Boeing und EADS/Airbus werden wieder zu alter Stärke zurückfinden. Dafür gibt es Gründe: Die Kunden wollen mindestens zwei vitale Anbieter zur Auswahl haben und dokumentieren das durch ihr Bestellverhalten. Zudem werden die Heimatstaaten von Boeing und EADS alles tun, um ihre Hersteller zu unterstützen.

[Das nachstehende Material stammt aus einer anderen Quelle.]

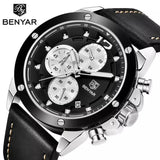 Benyar-Quartz Watch Men Sports Chronograph Men BY-5165 Black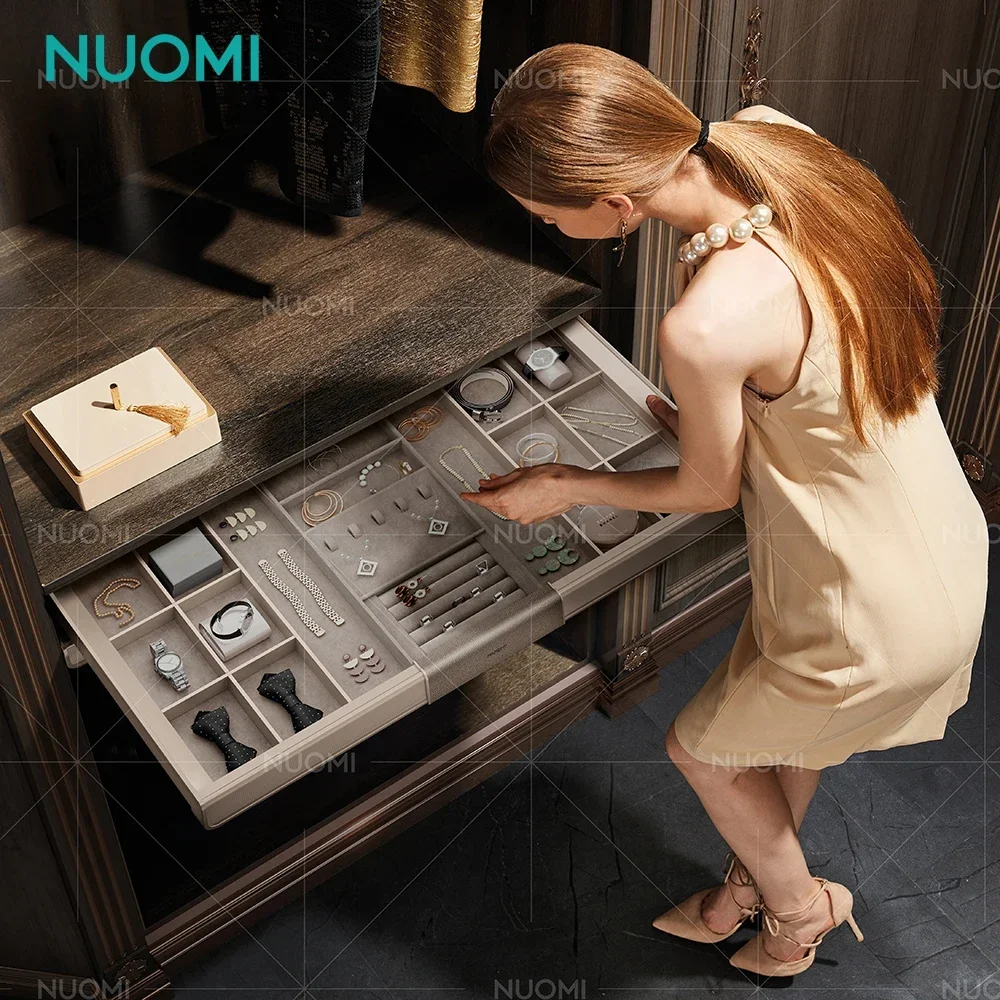 NUOMI VIOLET Pro Soft Close Pull Out Basket Bedroom Wardrobe Hardware Closet Accessories Drawer Sliding Organizer Jewelry Tray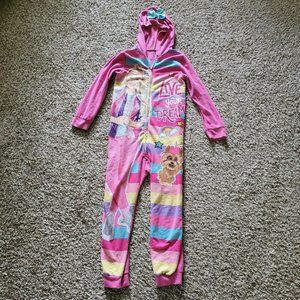 JoJo Siwa One-Piece Zip-Up Long Sleeve Hooded Pajamas Size M 2020 Nickelodeon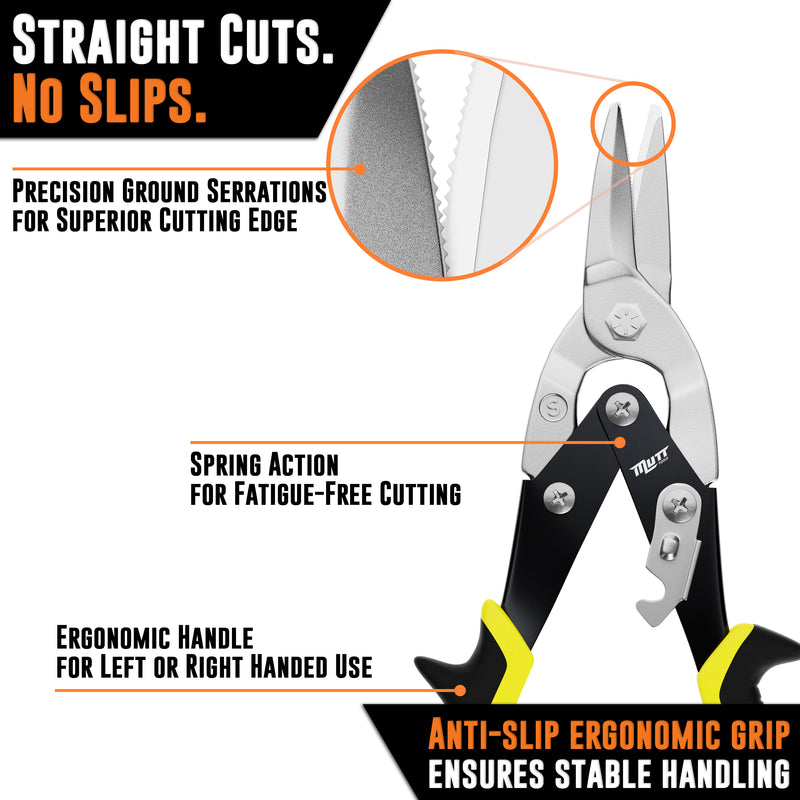 10 Inch Straight Cut Tin Snip | Heavy Duty Chrome Molybdenum Snips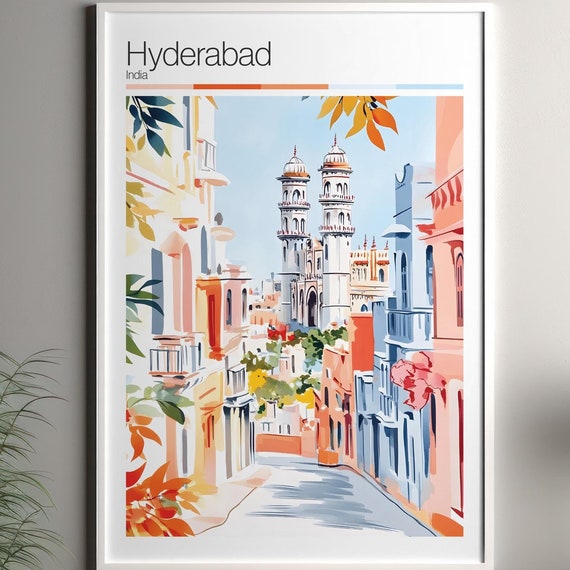 Hyderabad Print Soft Colors Travel Poster Colourful Wall Art India City Decor For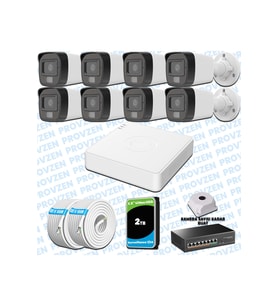 Provzen Hikvision 8’li İP 4MP Güvenlik Kamerası Seti Colorvu Mikrofonlu Olay Anında Bildirim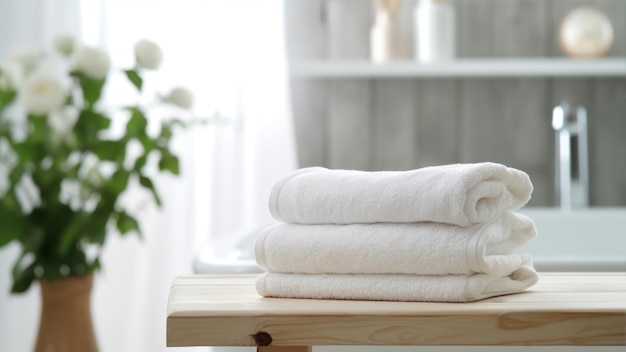 Towels on a table in a bathroom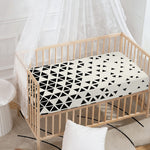 Black And White Geometric Pattern Print Baby Crib Sheet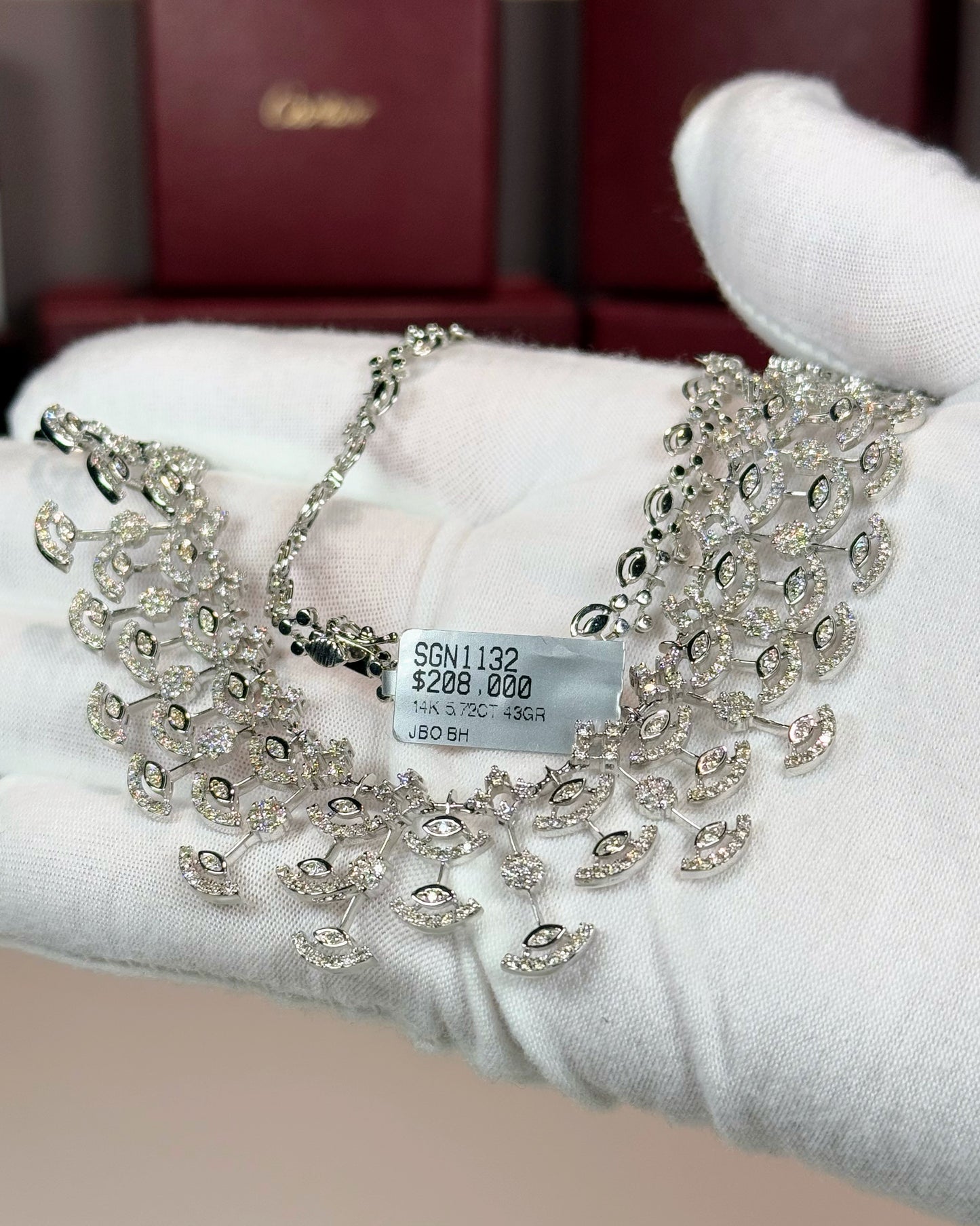 Maidenhair Leaf Design 14k White Gold Diamond Necklace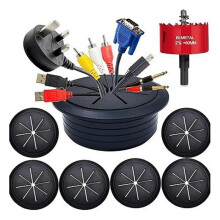 6 Pezzi TV Cord Hider 2-3/8 Pollici (60 mm) In Kit di Gestione Cavi A Parete Cord Hider per TV A Parete Attacco per Trapano con A Tazza B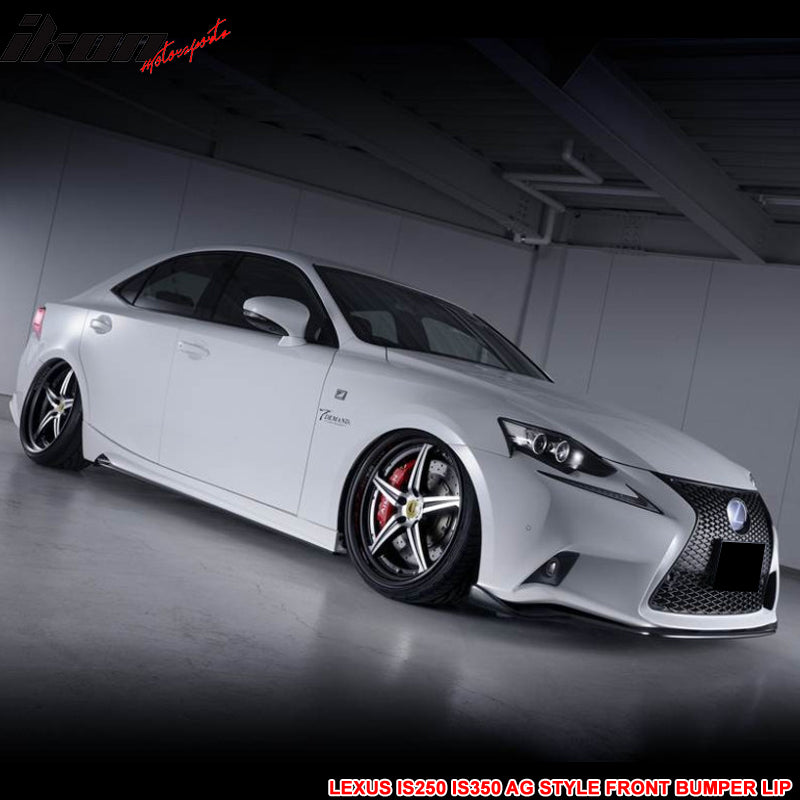 Front Bumper Lip Compatible With 2014-2016 Lexus IS250 IS350, AG Style Black PU Front Lip Finisher Under Chin Spoiler Add On by IKON MOTORSPORTS, 2015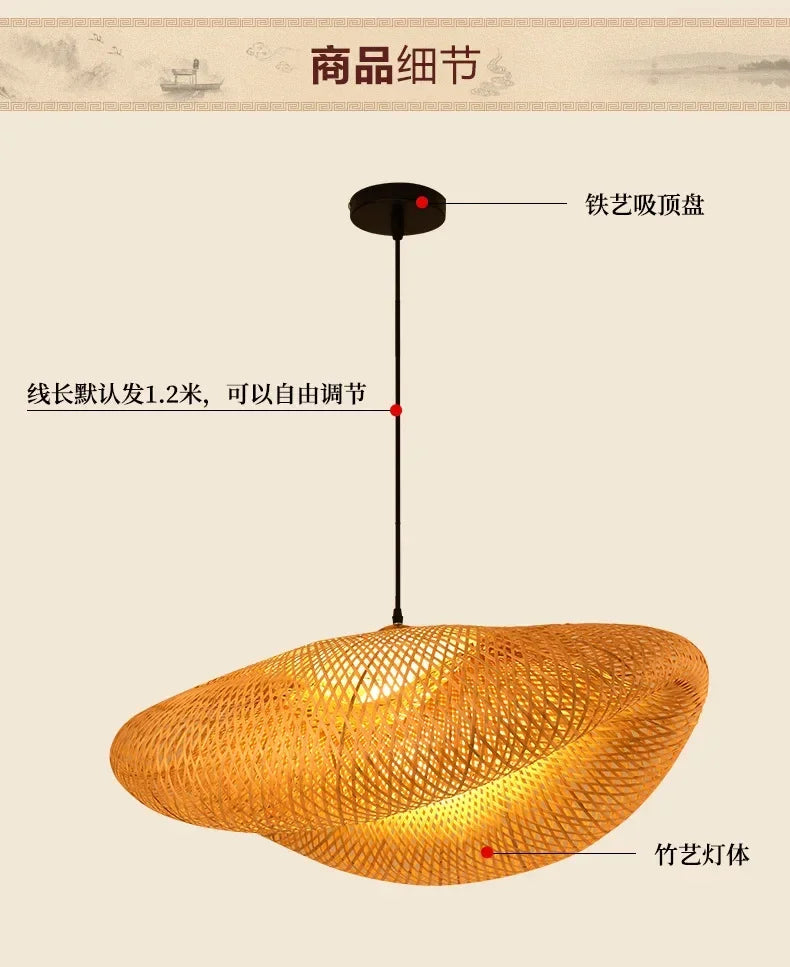 🌾 Handwoven Bamboo Pendant Light – 36cm LED Ceiling Lamp for Dining, Bedroom & Living Room | Natural Southeast Asian Style ✨
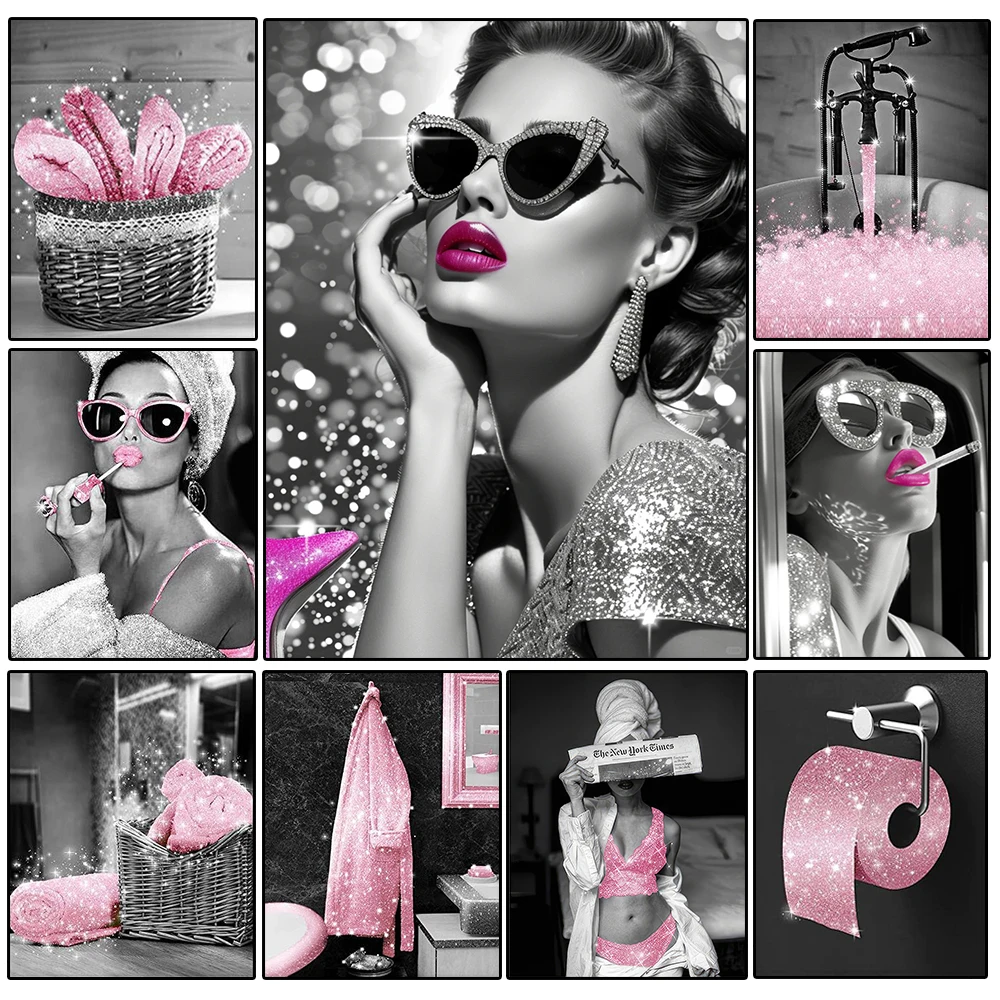 Pintura de diamante 5D DIY personalizada para niña, mosaico de baño, bordado de diamantes, imagen artística, decoración del hogar, conjunto de regalo, novedad de 2024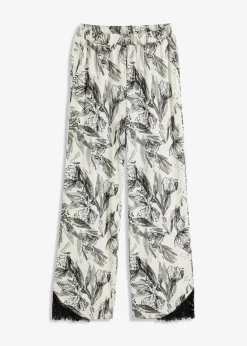 bonprix Wäsche·Nachtwäsche|Nachhaltigere Materialien^Weite Pyjamahose aus softem Viskose-Mix naturbeige/schwarz geblümt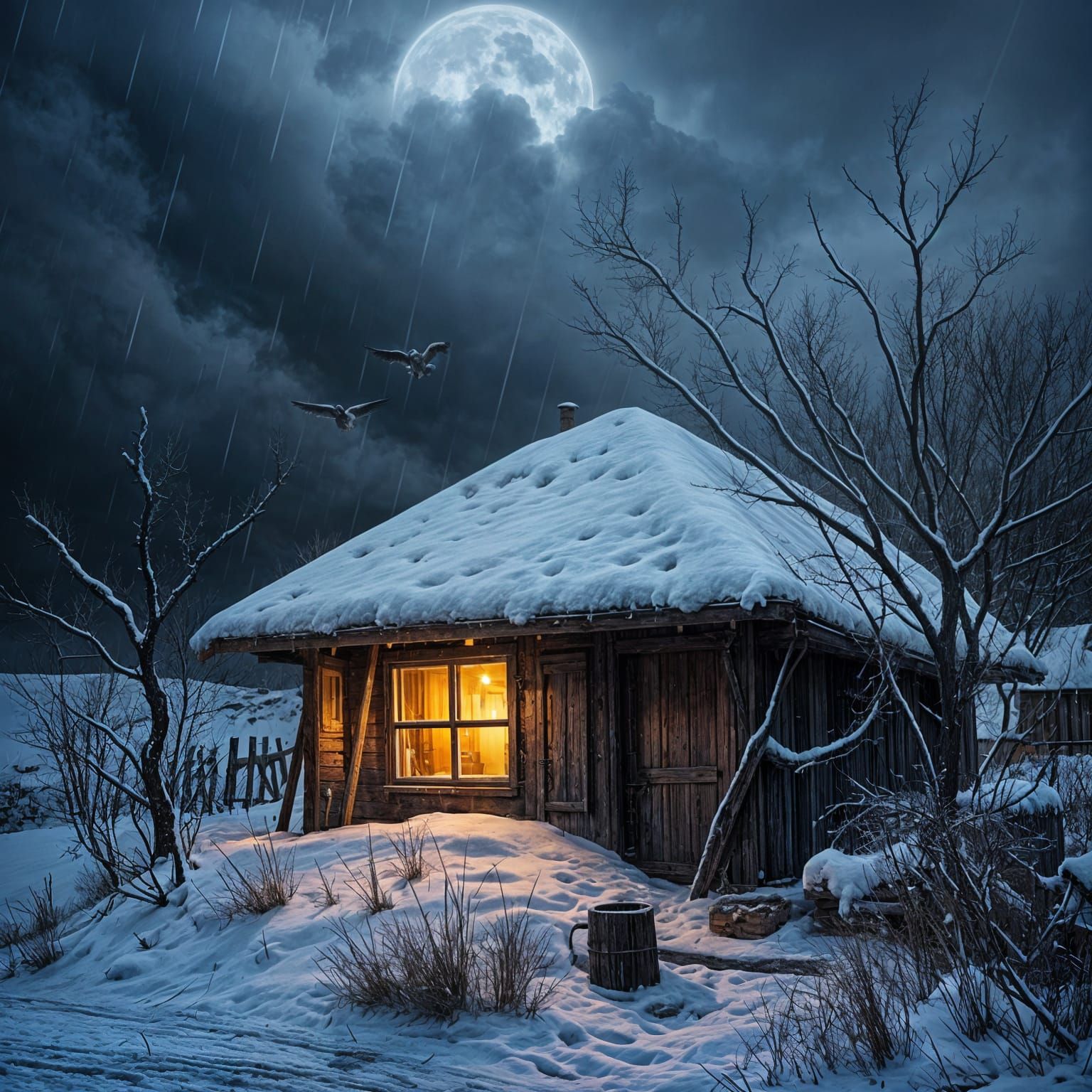 Stormy Landscape with Whirling Snow and Rustling Roof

Ein neues Flugzeug auf den Markt zu bringen ist ein ebenso schwieriges wie faszinierendes technisches Unterfangen. Deshalb passiert es auch so selten. Und wenn ein Großraumflugzeug wie der A 380 oder bald ein anderes innovatives Fluggerät wie der „Dreamliner“ von Boeing erst in der Luft sind, ist das gleich ein Weltereignis. Danach lasten die Modelle die Produktion nicht selten über mehr als vier Jahrzehnte hinweg aus. Derzeit aber bieten die beiden wichtigsten Hersteller, zuerst Airbus mit seiner 380 und jetzt Boeing mit seinen Konkurrenzprodukten, Schauspiele von Entwicklungsverzögerungen, Missmanagement und Fehleinschätzungen. In der Kombination mit sinkenden Auftragseingängen führt das zu einem für die Aktionäre unerfreulichen Bild. Wahr ist aber auch, dass Boeing und EADS/Airbus wieder zu alter Stärke zurückfinden werden. Dafür gibt es Gründe: Die Kunden wollen mindestens zwei vitale Anbieter zur Auswahl haben und dokumentieren das durch ihr Bestellverhalten. Zudem werden die Heimatstaaten von Boeing und EADS alles tun, um ihre Hersteller zu unterstützen. Um das zu erkennen, reicht ein Blick auf den Bestelleingang in der Boeing-Militärtechnik im vergangenen Quartal aus.